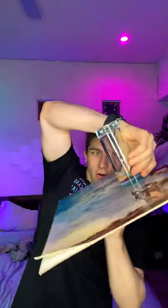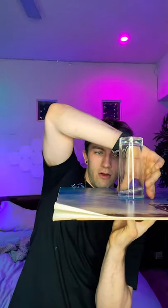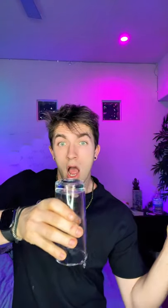All right, we got our glass. Now let's just pour some water in — I don't want to pour too much. All right, now I got this painting. Oh, look at this. Okay. Can I really slide it off? I'm not mad. I'm just disappointed.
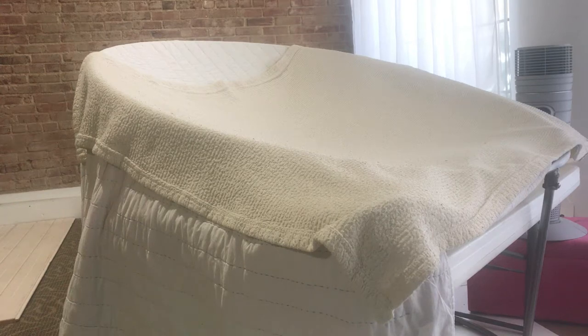Hey guys, today I'm going to show you my table setup — what I do for my posing table instead of a bean bag.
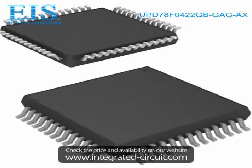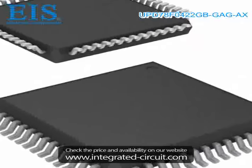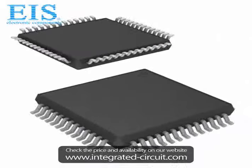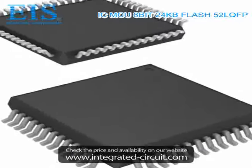Hello, this is Tams from Excellency Integrated System Limited. We are a professional stocking distributor of electronic components. We have many components in stock which can be shipped immediately after order.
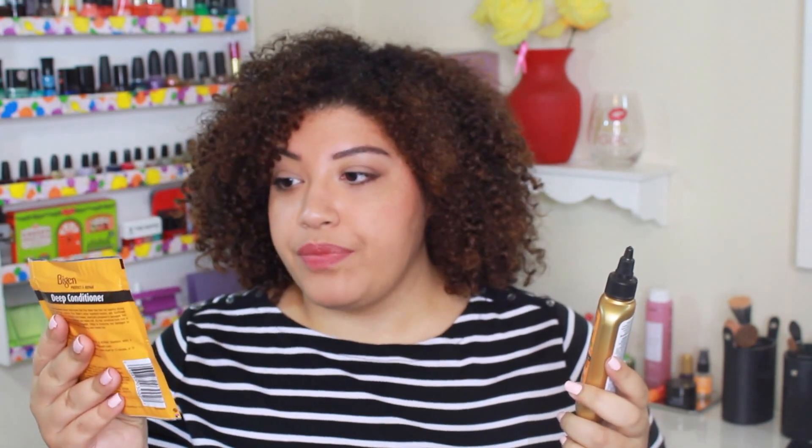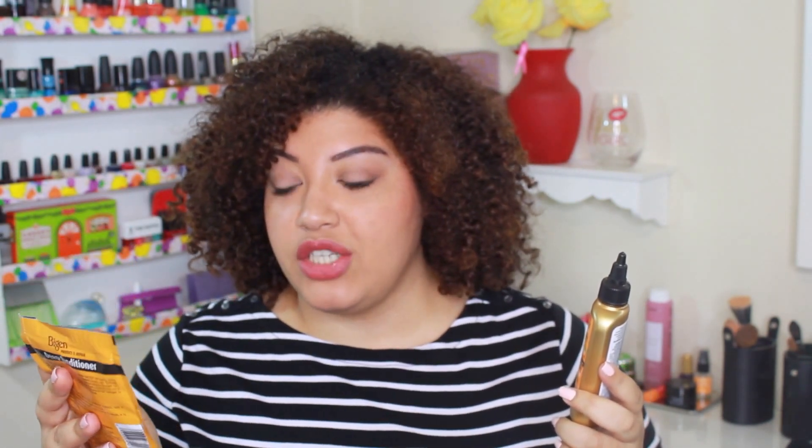I was in talks with the NaturallyCurly.com people and they were nice enough to send this over to me. This is the Bison semi-permanent hair color and I got it in Medium Warm Brown. I also got the deep conditioner. I've always been using a foam color because I feel like it's not as harsh as the cream or liquid dyes, and this is a semi-permanent color. I totally volunteered to check this out and review it — this is not a sponsored post, it's completely voluntary.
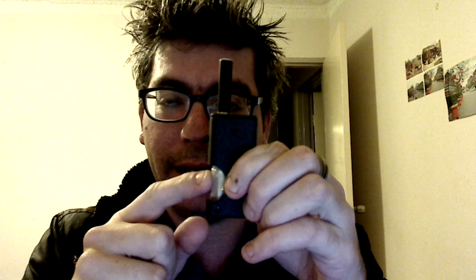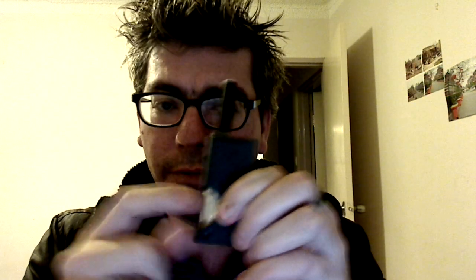The reason for it being called the Wetbox is it has a little bottle of juice here, which will basically wet the cartomizer which is up here. So I'll just go through the whole thing here.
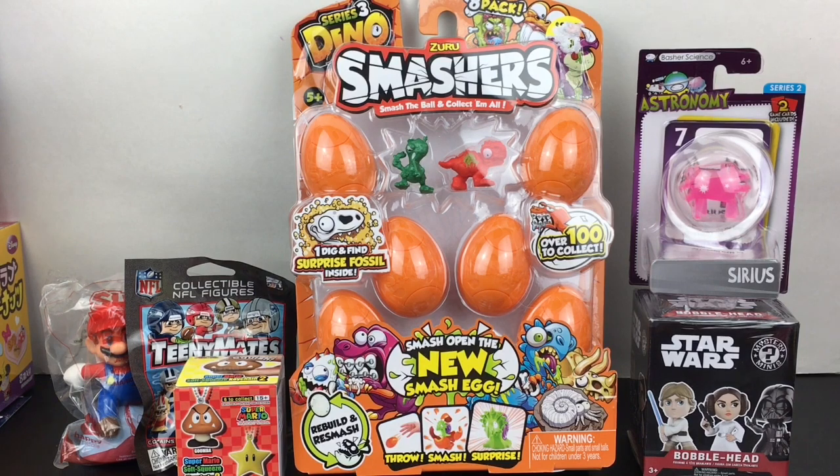Hi everyone and welcome to the Mini Toy Love channel! Today I'm opening a variety of surprise toys and blind boxes, including Zuru Smashers from the Dino series, Star Wars, Super Mario Brothers, and more.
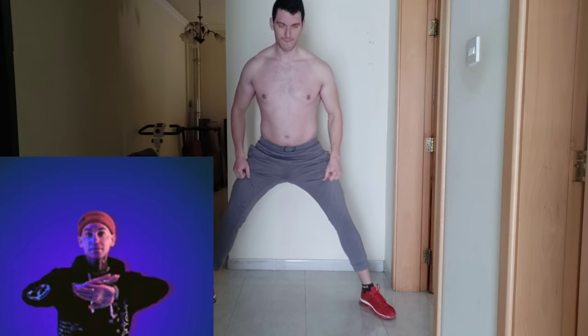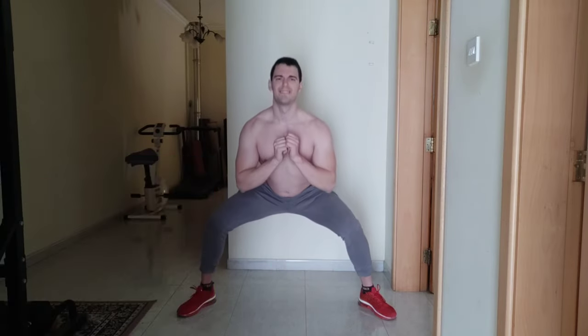I feel so anxious guys. Let's see how it goes. As you can see guys, my legs are widely spread.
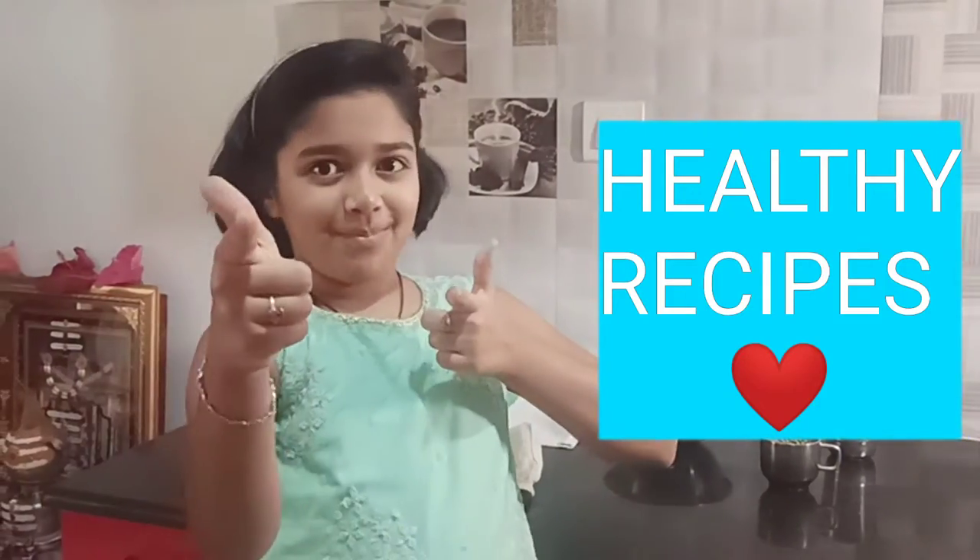Hey guys, this is Nidhi. What's up? Welcome back to my channel, Nidhi's World.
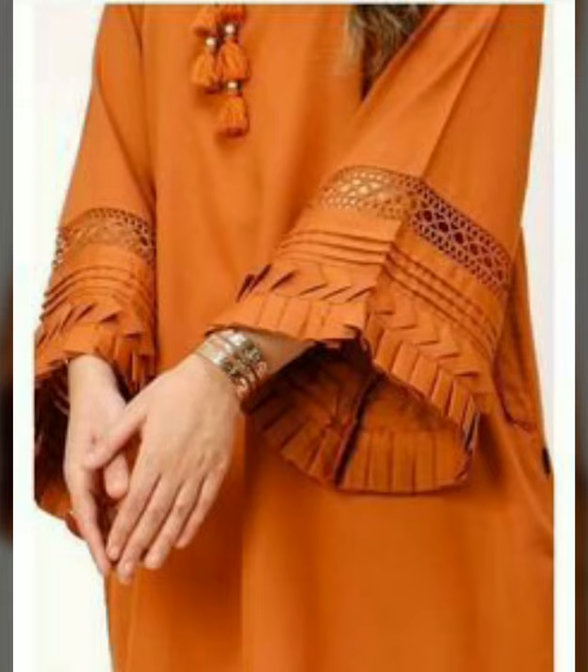If you don't do stitching yourself, then you can show these designs to your tailors.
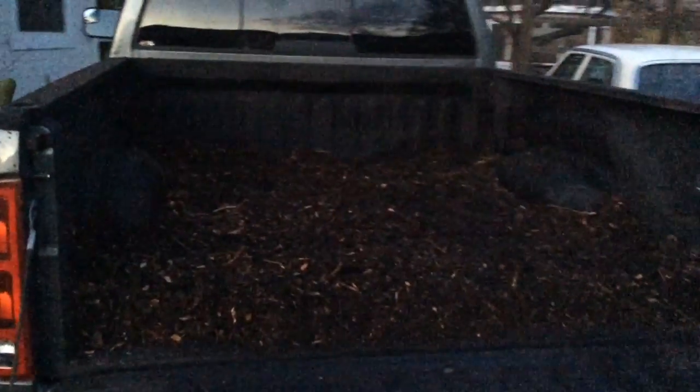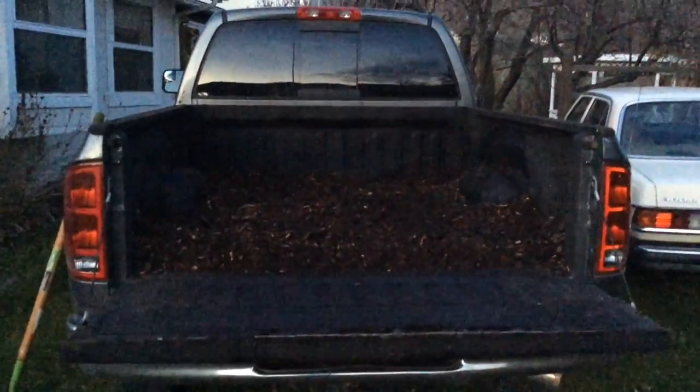I left some wood chips in the back of the truck because we're going to use them when we pick up our two sheep tomorrow.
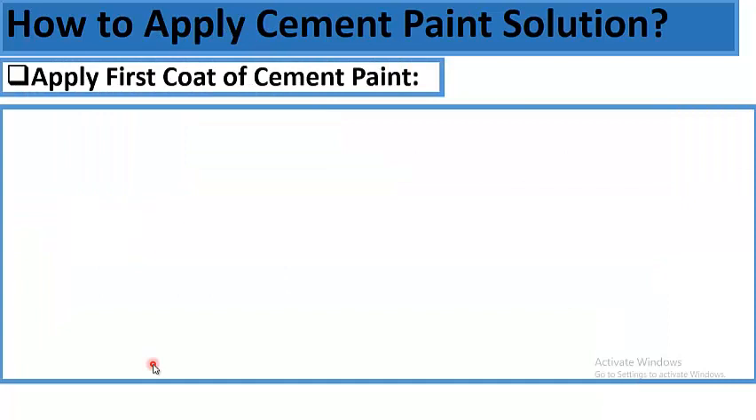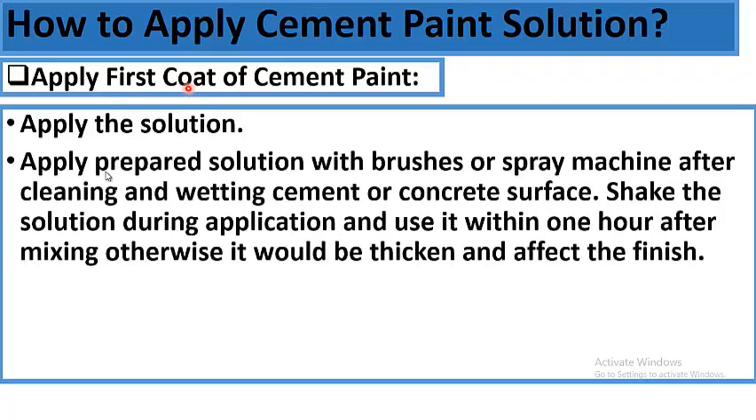Proceeding to the third question — how to apply cement paint solution. Apply the first coat using the prepared solution with brushes or a spray machine after cleaning and wetting the cement or concrete surface. It is important to wet the surface before painting. Shake the solution during application and use it within one hour after mixing, otherwise it will set and affect the finish.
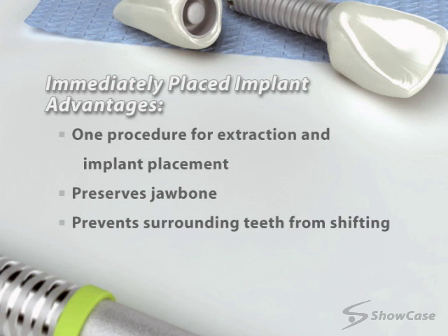With proper home care and regular checkups, your implant can provide a long-lasting, natural-looking smile.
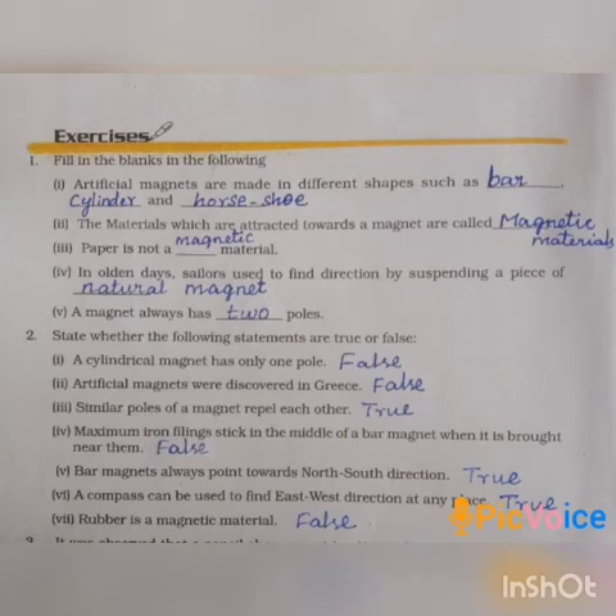Take page number 134 — Fill in the blanks. First one: artificial magnets are made in different shapes such as bar magnet, cylindrical magnet, and horseshoe magnet.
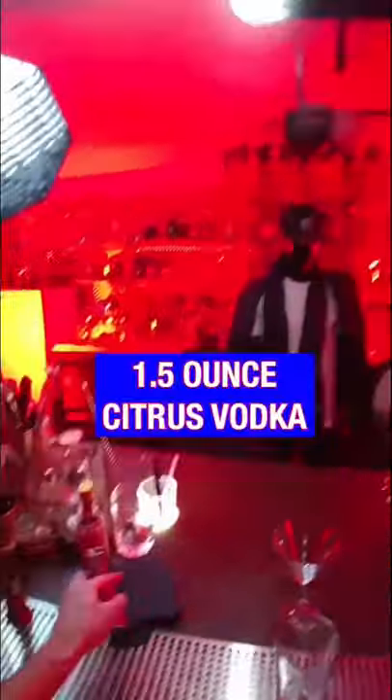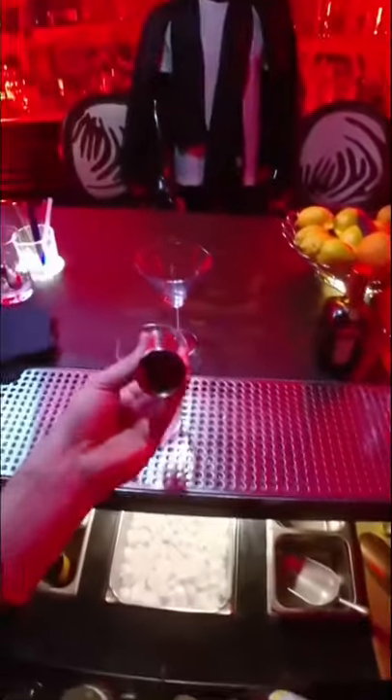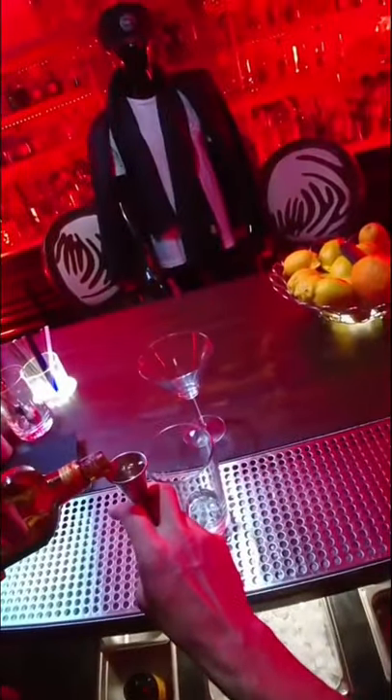Cosmopolitan. Here's a classic recipe. Start with one and a half ounces of citrus vodka, three quarter ounce Cointreau orange liqueur — it's a really good triple sec.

Exercise details
From the listing above, print every entry precisely and drop the pictures.

Task result
All right, we got our glass. Now let's just pour some water in — I don't want to pour too much. All right, now I got this painting. Oh, look at this. Okay. Can I really slide it off? I'm not mad. I'm just disappointed.
Hey guys, today I'm going to show you my table setup — what I do for my posing table instead of a bean bag.
Hello, this is Tams from Excellency Integrated System Limited. We are a professional stocking distributor of electronic components. We have many components in stock which can be shipped immediately after order.
I was in talks with the NaturallyCurly.com people and they were nice enough to send this over to me. This is the Bison semi-permanent hair color and I got it in Medium Warm Brown. I also got the deep conditioner. I've always been using a foam color because I feel like it's not as harsh as the cream or liquid dyes, and this is a semi-permanent color. I totally volunteered to check this out and review it — this is not a sponsored post, it's completely voluntary.
The reason for it being called the Wetbox is it has a little bottle of juice here, which will basically wet the cartomizer which is up here. So I'll just go through the whole thing here.
Hi everyone and welcome to the Mini Toy Love channel! Today I'm opening a variety of surprise toys and blind boxes, including Zuru Smashers from the Dino series, Star Wars, Super Mario Brothers, and more.
I feel so anxious guys. Let's see how it goes. As you can see guys, my legs are widely spread.
Hey guys, this is Nidhi. What's up? Welcome back to my channel, Nidhi's World.
If you don't do stitching yourself, then you can show these designs to your tailors.
I left some wood chips in the back of the truck because we're going to use them when we pick up our two sheep tomorrow.
Proceeding to the third question — how to apply cement paint solution. Apply the first coat using the prepared solution with brushes or a spray machine after cleaning and wetting the cement or concrete surface. It is important to wet the surface before painting. Shake the solution during application and use it within one hour after mixing, otherwise it will set and affect the finish.
With proper home care and regular checkups, your implant can provide a long-lasting, natural-looking smile.
Take page number 134 — Fill in the blanks. First one: artificial magnets are made in different shapes such as bar magnet, cylindrical magnet, and horseshoe magnet.
Cosmopolitan. Here's a classic recipe. Start with one and a half ounces of citrus vodka, three quarter ounce Cointreau orange liqueur — it's a really good triple sec.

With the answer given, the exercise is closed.